▶ Supplied data:
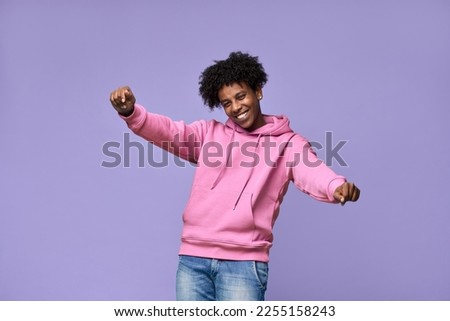 Similar – Image, Stock Photo Cheerful black male standing near striped wall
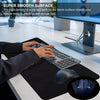 A hand is using a computer mouse on a black desk mat, demonstrating the smooth surface of a gaming accessory.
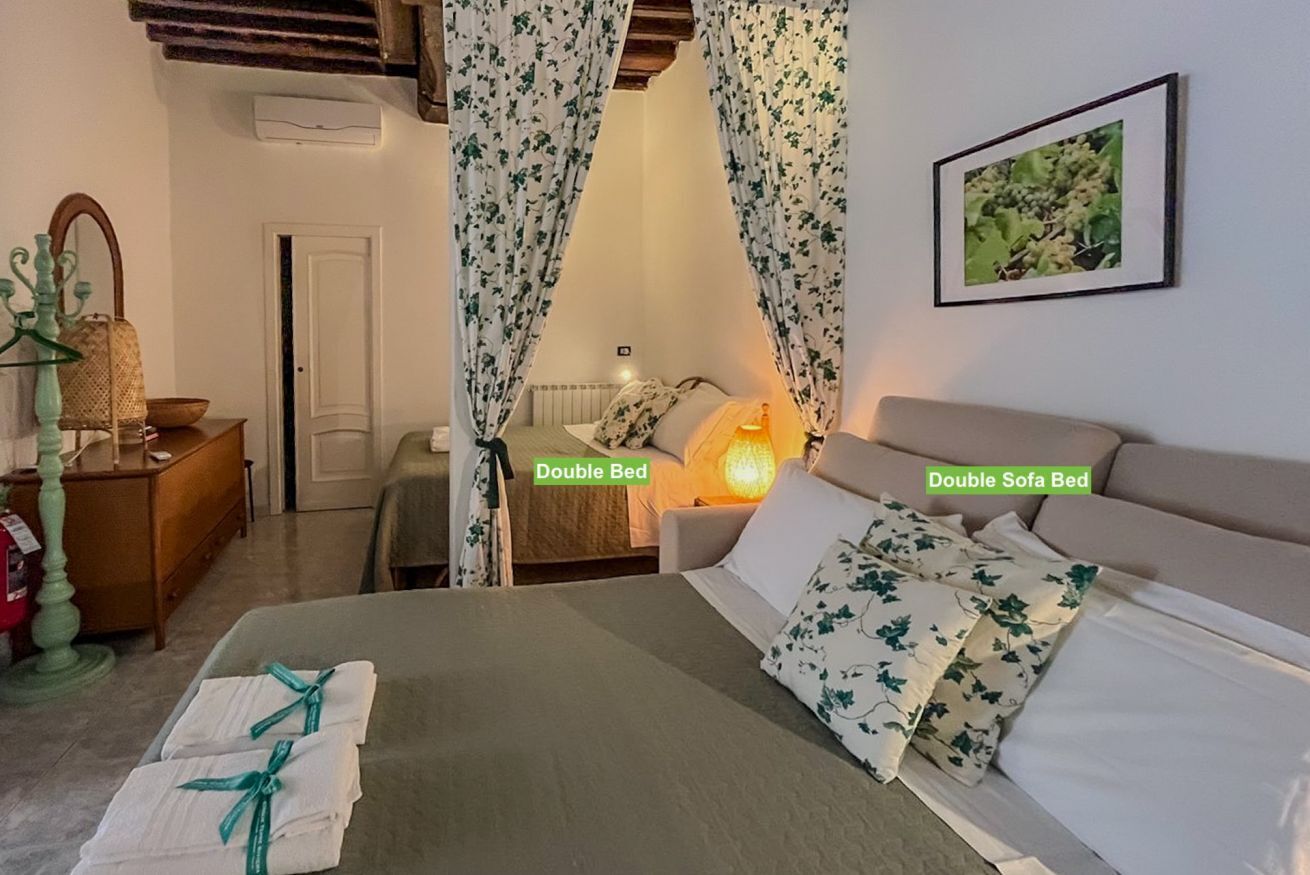 Una cama doble y un sofá cama doble en una habitación con cortinas florales, un cuadro en la pared y una lámpara de noche.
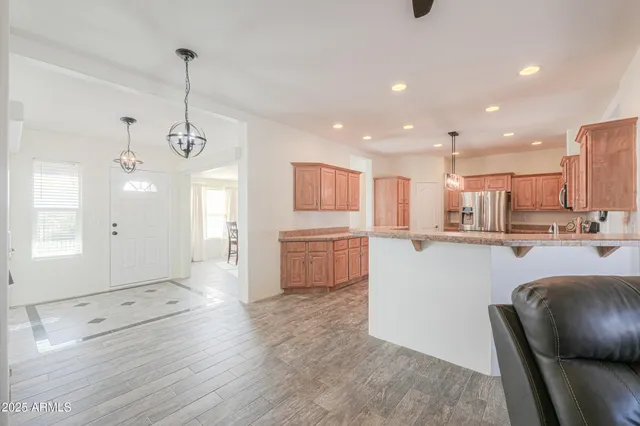 a large kitchen with granite countertop a large counter top stainless steel appliances and a counter top space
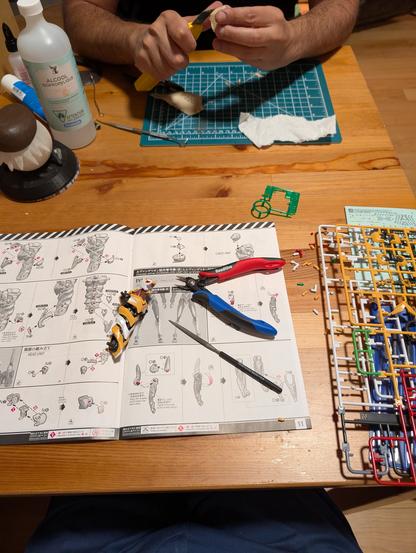 Pic of a table with various tools and things being built, one is a gunpla.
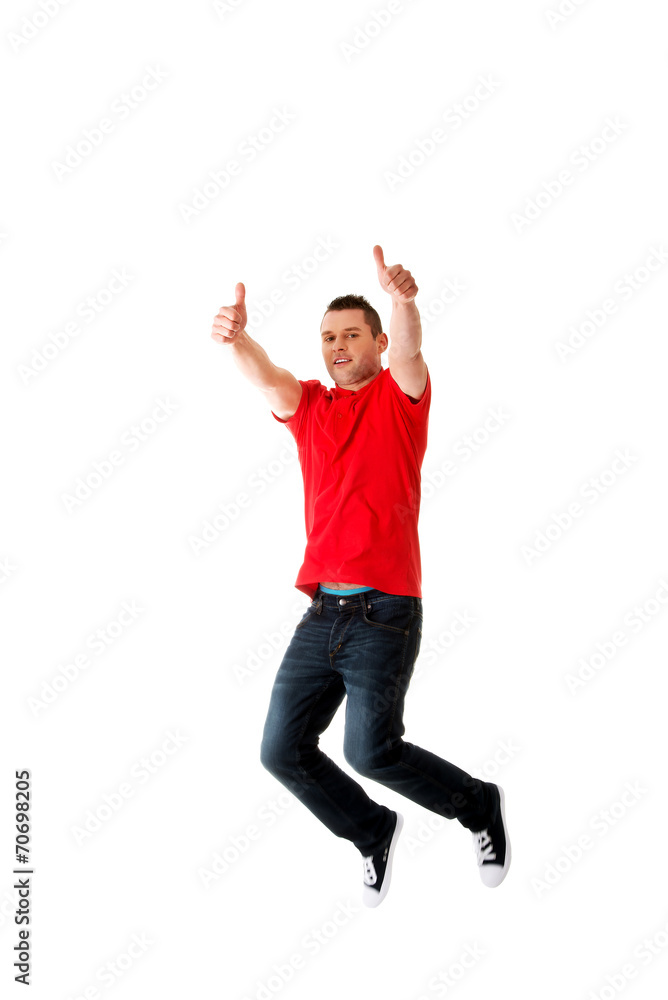 Young casual man jumping. Young casual man jumping.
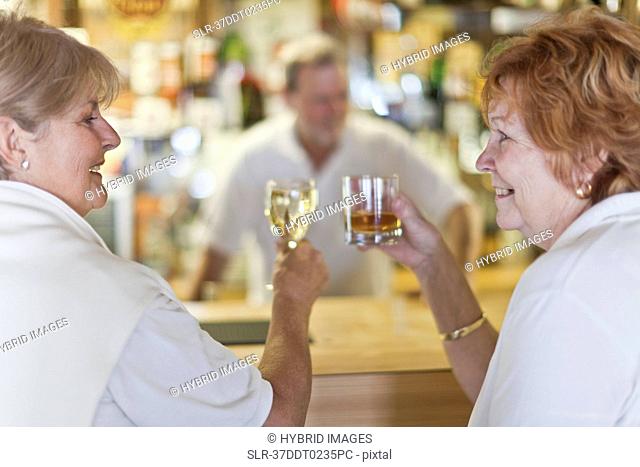 Older women toasting each other at bar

▶ Exercise requirements:
Restate word for word the lines from the one holding "Una cama doble" down through the last line of the records above, and do not include the pictures.

▶ Finished exercise:
 Una cama doble y un sofá cama doble en una habitación con cortinas florales, un cuadro en la pared y una lámpara de noche.
 a large kitchen with granite countertop a large counter top stainless steel appliances and a counter top space
 Pic of a table with various tools and things being built, one is a gunpla.
 Young casual man jumping. Young casual man jumping.
 Older women toasting each other at bar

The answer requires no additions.